Tech projects from advertising agencies have been getting a bit of flack recently, accused of being pointless, superficial, or created solely to win awards. For me, sorting the wheat from the chaff involves asking one or both of the following questions:
1) Does it stand up as a piece of brand communications?
2) Does it stand up as a product in its own right?
OK – when I’m working on a project my first and foremost hope is that I have a brief that identifies a real world problem. It’s not always the case, but on the occasions when I’ve not been hired to polish up the proverbial, my response has been to pass a further test, using social activist and designer William Morris’ edict that you should have “nothing in your house that you do not know to be useful, or believe to be beautiful”. A modern interpretation of this might be known as the Dragons’ Den/Shark Tank test. Sure, award jurors and the wider industry can be a tough bunch, but they have nothing on those miserable millionaires. I think a show with agencies wheeling out their latest tech products could be compelling car crash viewing.

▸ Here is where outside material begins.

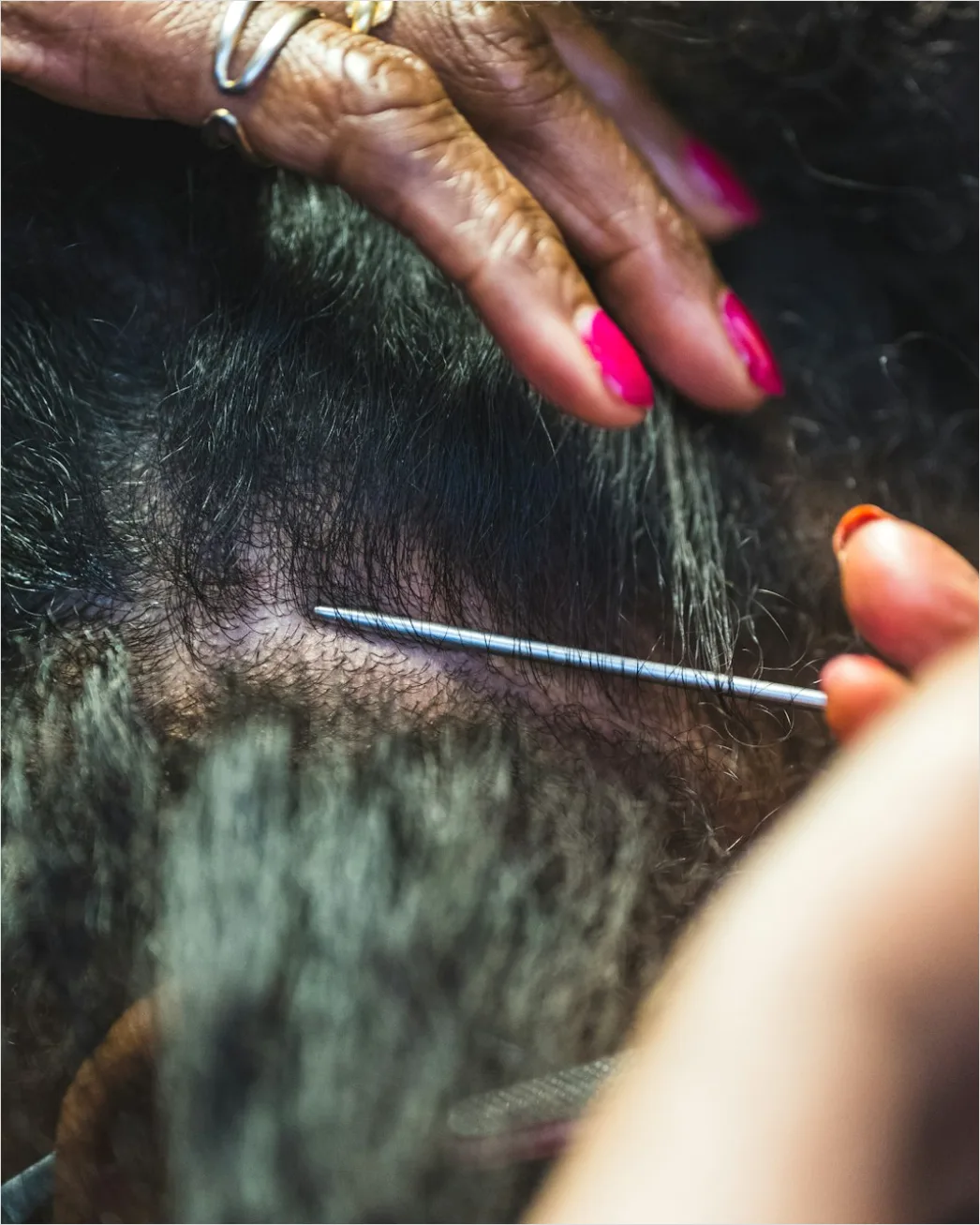 Detail Acupuncture Needles Close Up Treatment Number 5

Let’s start with Morris’ domestic perspective on an appropriately domestic product. OMO recently created their Smart Peg, which sends people text alerts to bring their laundry in when it’s about to rain. Was it successful in terms of reach and positive, relevant brand attribution? Well, a qualified yes – the Peggy story was picked up and spread both locally and internationally, giving the brand huge earned media. But is it useful? Unilever Laundry claimed it was “based on new research that revealed parents want to spend more time playing with their child, rather than everyday chores.” I’d say the jury’s out on this; for me the product and the end game are too tenuously linked. Washing machine? Tick. Dishwasher? Tick. Tech has been solving the problem of domestic chores for generations. But weather-monitoring washing pegs? Surely you’ll just be driven mad by text alerts telling you your washing is getting an extra rinse, while you’re sheltering from the rain at the playground.

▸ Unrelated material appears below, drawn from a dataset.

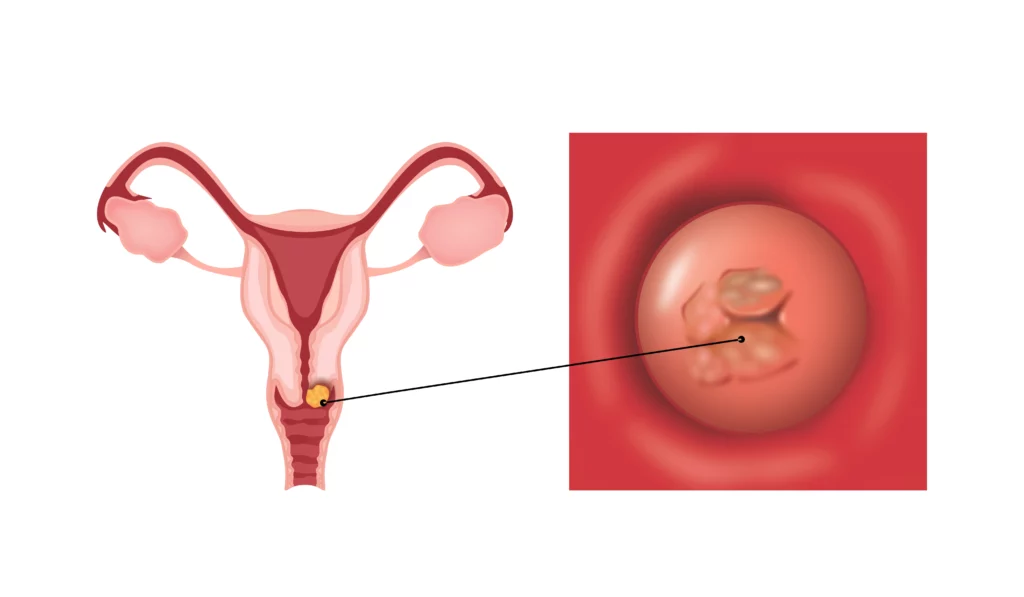 rak szyjki macicy gdzie się znajduje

There is one category that’s leading the way in creating tech products, which genuinely manifests form and function - sport. When Nike created Nike+ it was a game-changing moment. Beyond being just a great story, it moved Nike from hardware to software, and opened up a wealth of expanding partnerships to increase their brand reach. Beyond the corporate opportunity, it works because it’s beautiful and useful. It tethers even solitary sports to a network of trainers, competitors and companions. It works for everyone from beginner to iron-men, and it opens up the possibility for Nike to act as an ethical ambassador in combating the public health crisis of rising obesity. Nike must have put it to the equivalent of their own Dragons, and the designers would have been fighting off the bids.
More recently, I really liked Puma’s BeatBot. This clever piece of tech was created for people training by themselves, borne from the insight that people run faster when they’re racing against something. So this robot allows you to program a track time - your personal best, or the time of another athlete – and the BeatBot will race against you at this speed. Its function is more prescribed than the Fuel Band, but it does its defined job brilliantly. OK, it does look like a shoebox on wheels but again, here’s a prototype worth developing as it feels like it has real purpose.
I think agencies need to be more honest about whether they’re coming up with a communications campaign or a genuine product to solve a real world problem. If the aim is a comms campaign, let’s give worthy praise when they perform and yes, that can mean awards. But if agencies are trying to come up with a genuine product idea, maybe they should pause to think about what the Dragons’ Den would say.
By Jon Burden
Executive creative director at Naked Communications.